**Try it**
For the data below, retype word for word the lines from the one containing "This is more" through the one containing "Summit White 2022"; drop the pictures.

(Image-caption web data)
+ + + + + + +

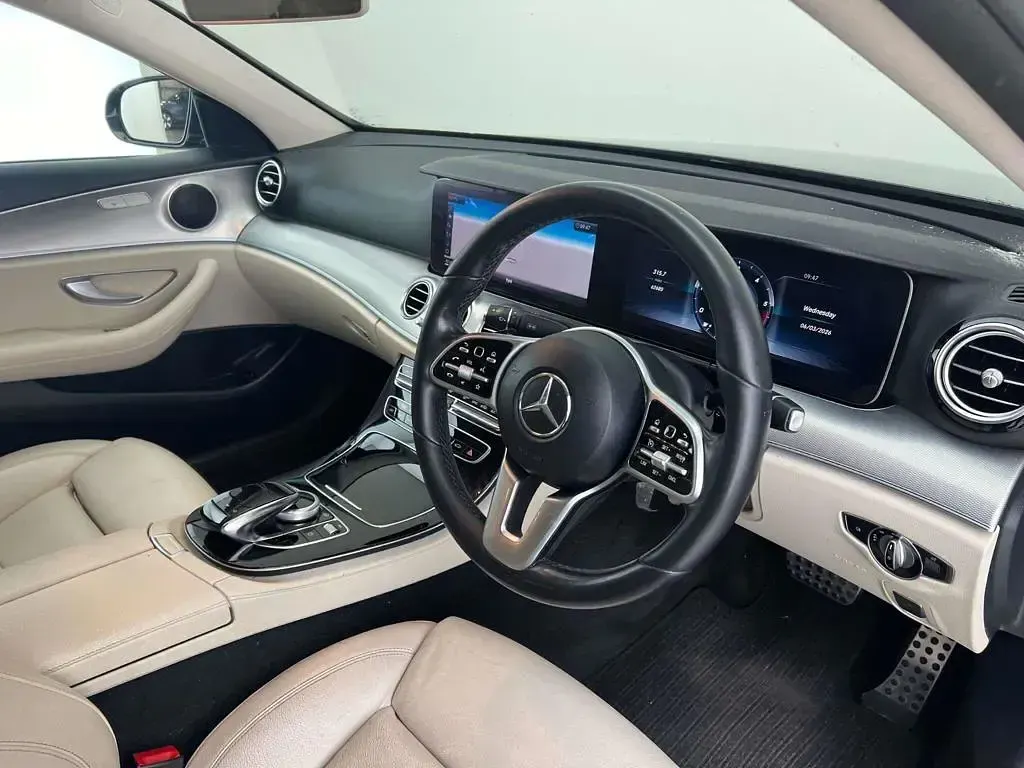 Used Mercedes E220 SE 2018 Black Sedan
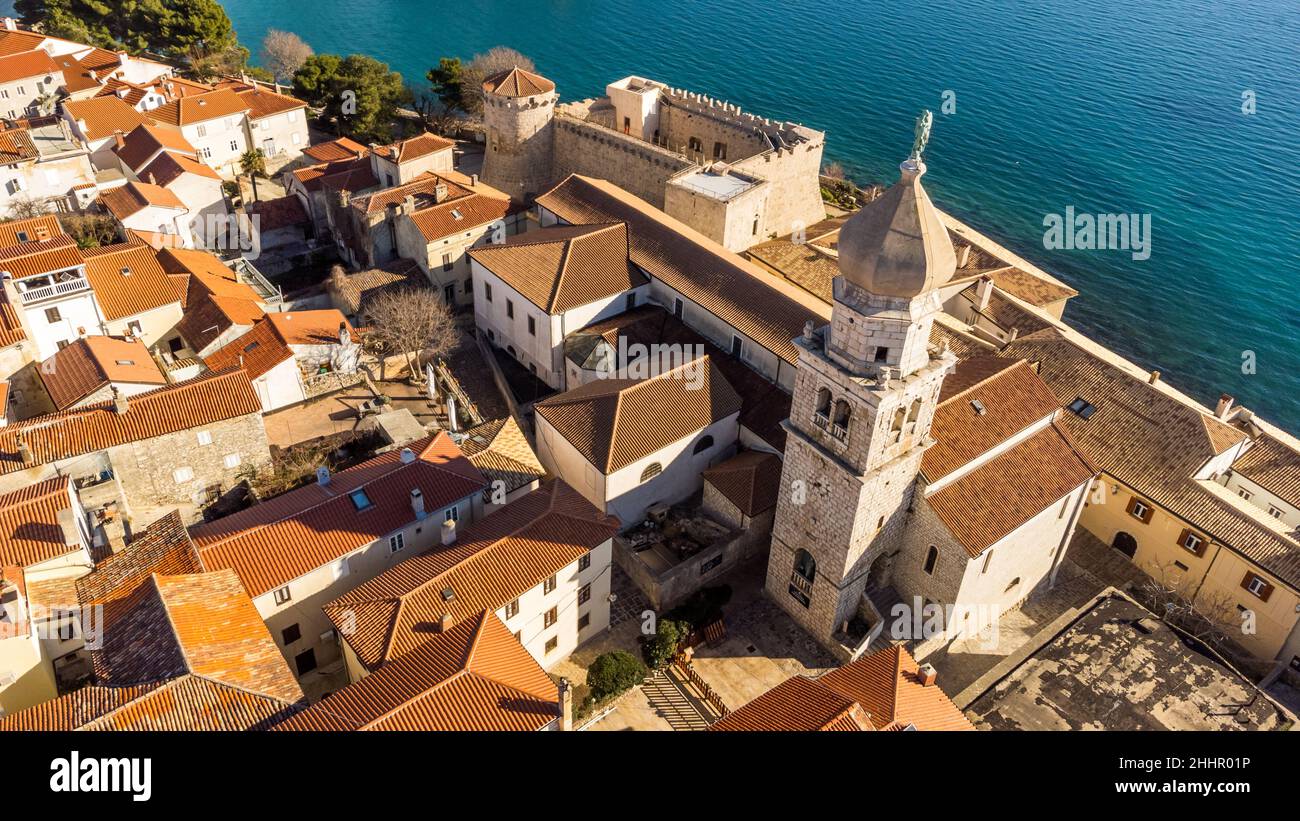 Vista aérea de la histórica ciudad adriática de Krk , isla de Krk, bahía de Kvarner del mar adriático, Croacia, Europa Foto de stock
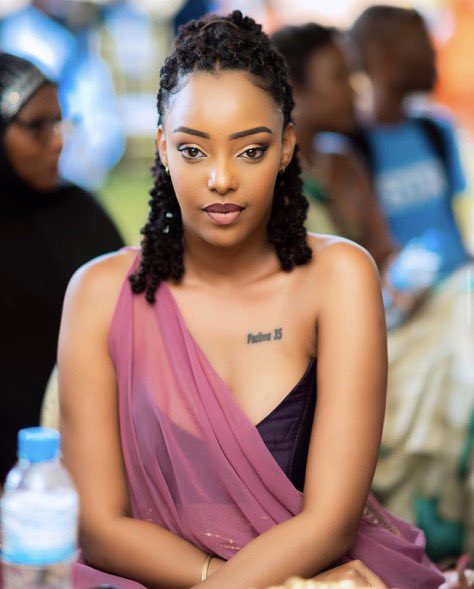 Agapipigato's tweet photo. Ibi biramutse byanditswe n’umugabo yibasira abagore byagenda bite? 😳🙆‍♂️

This is more than spreading hates against one side of gender urebye neza habonekamo icyaha cy’ubugome we are not all the same period 😡 https://t.co/xu9rymJC6c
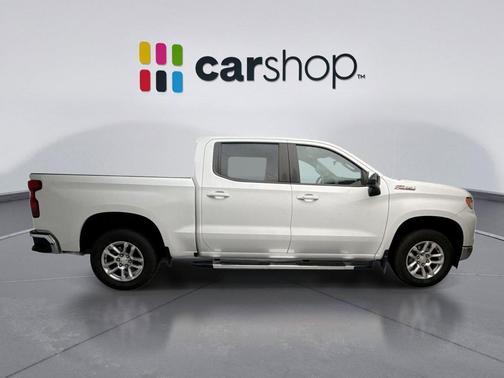 Summit White 2022 Chevrolet Silverado 1500 LT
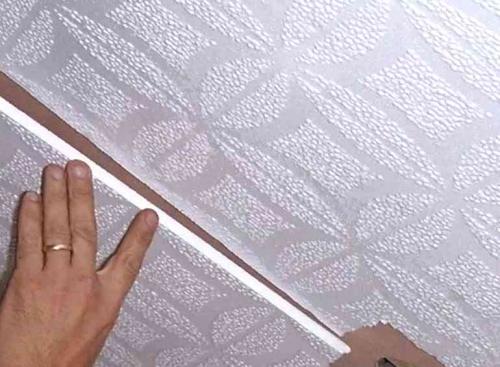 Почему не клеится потолочная плитка. Как клеить потолочную плитку, что бы она не отпала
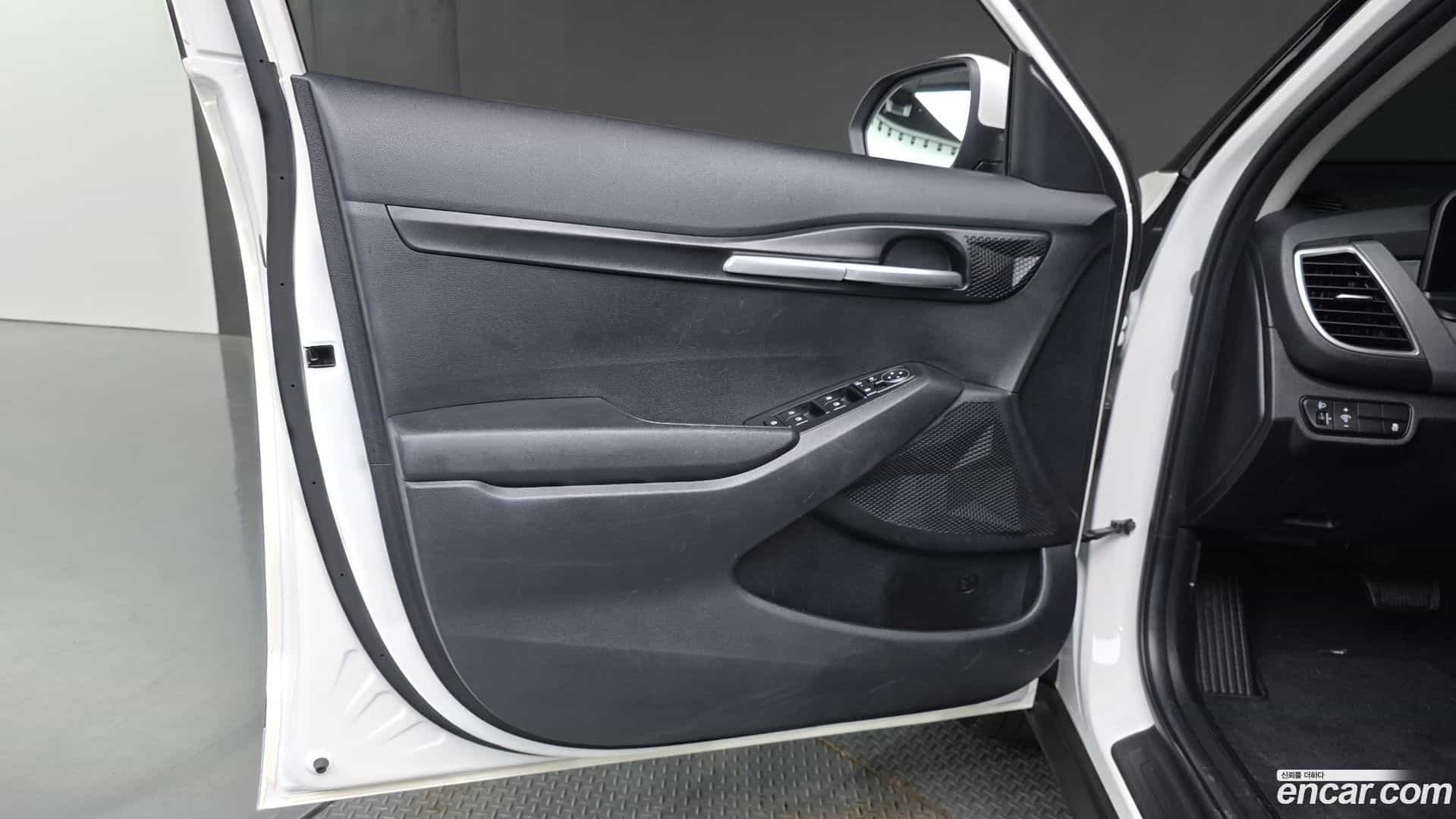 Seltos Kia 2023.7-INNER-034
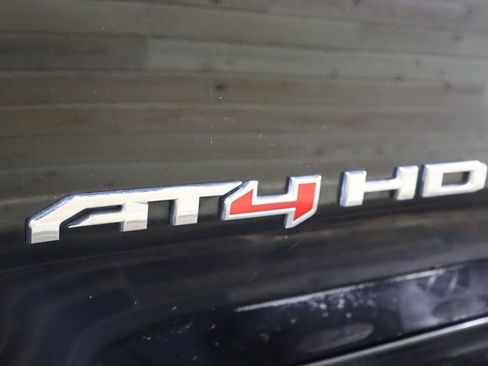 Used 2022 GMC Sierra 2500 AT4 image 21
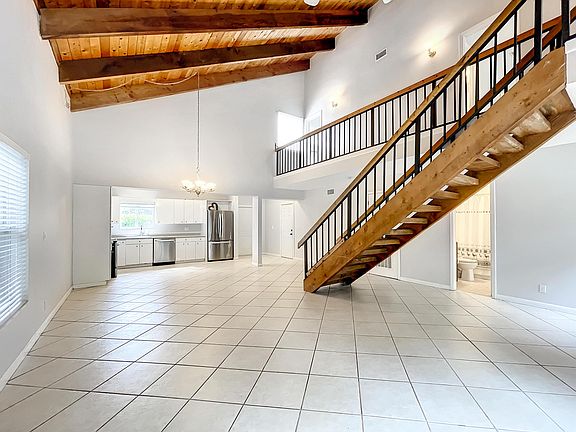 3rd image of 2522 Ella Street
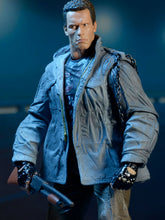 Terminator - T-800 (Tech Noir) Ultimate 7" Scale Action Figure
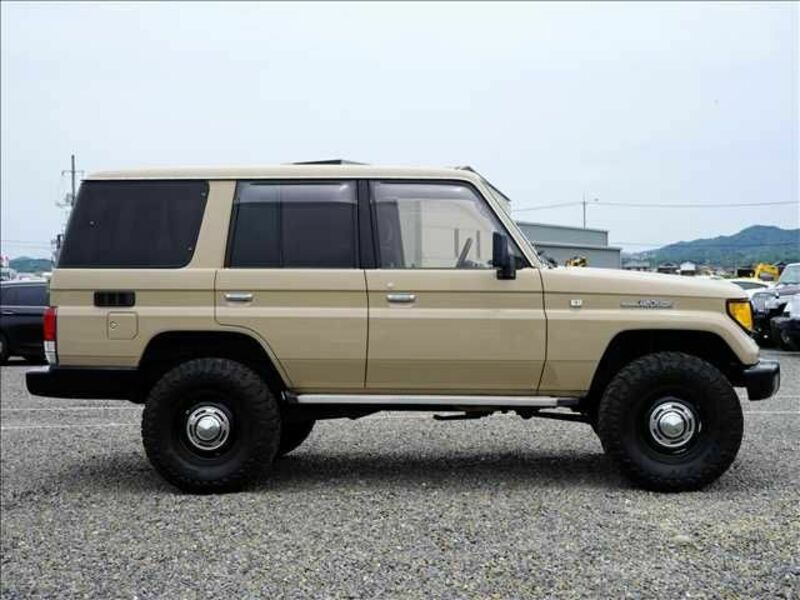 LAND CRUISER PRADO-6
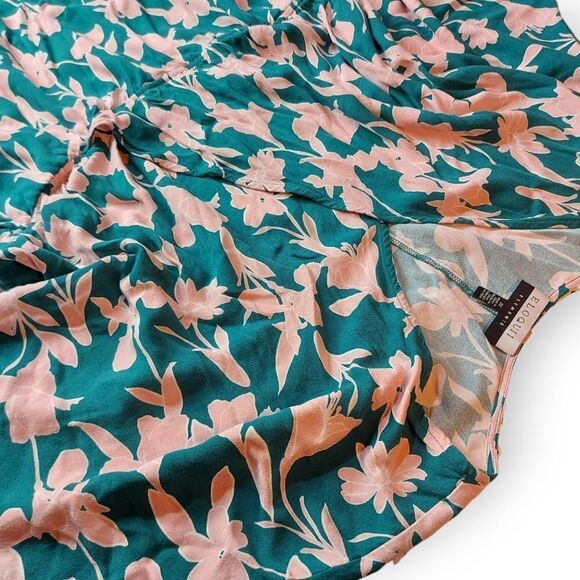 Eloquii Tropical Floral Wide Leg Jumpsuit 22 - Picture 4 of 16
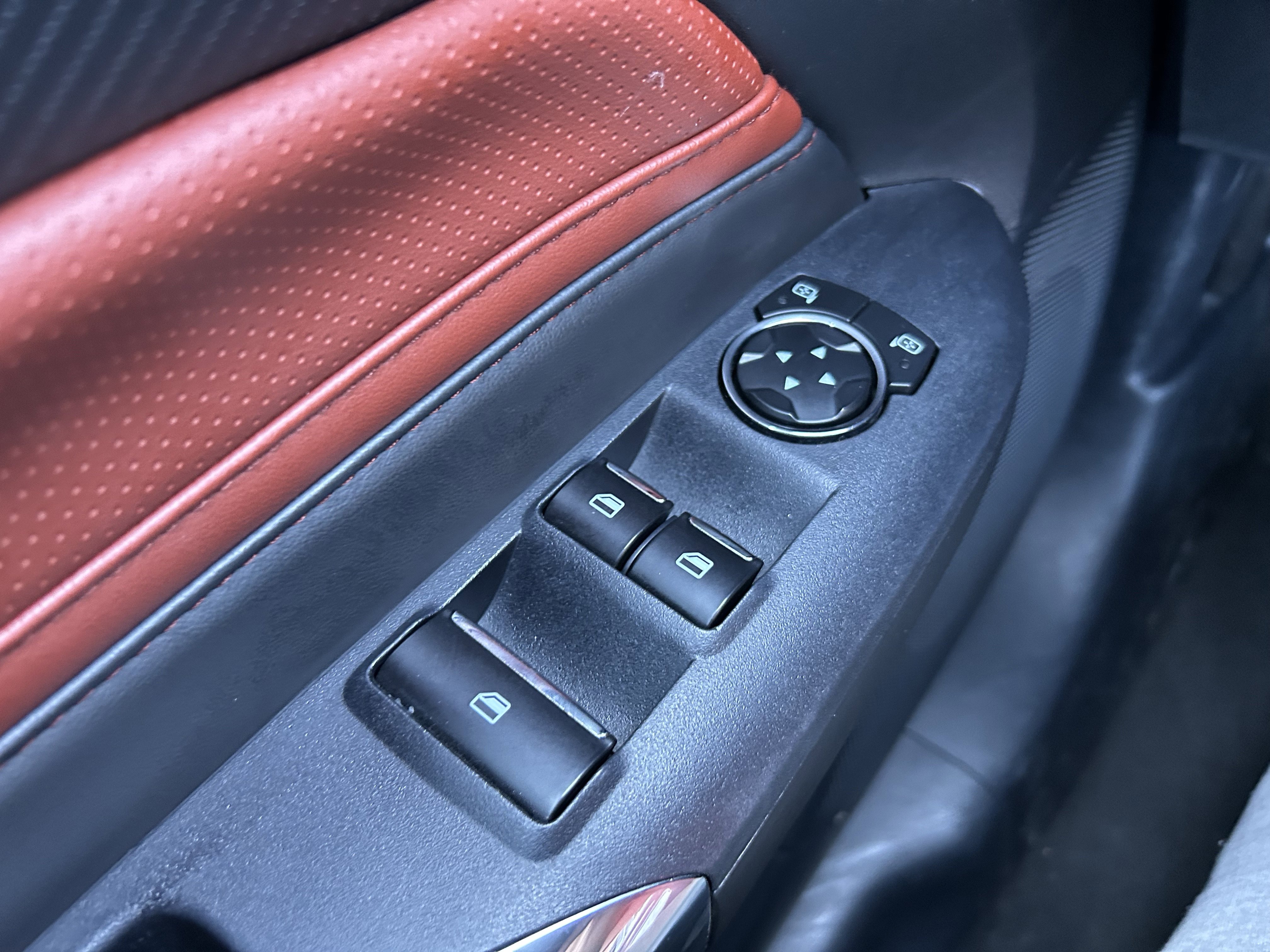 Used 2024 Ford Mustang Premium image 25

+ + + + + + +

**Expected answer**
This is more than spreading hates against one side of gender urebye neza habonekamo icyaha cy’ubugome we are not all the same period 😡 https://t.co/xu9rymJC6c
 Summit White 2022 Chevrolet Silverado 1500 LT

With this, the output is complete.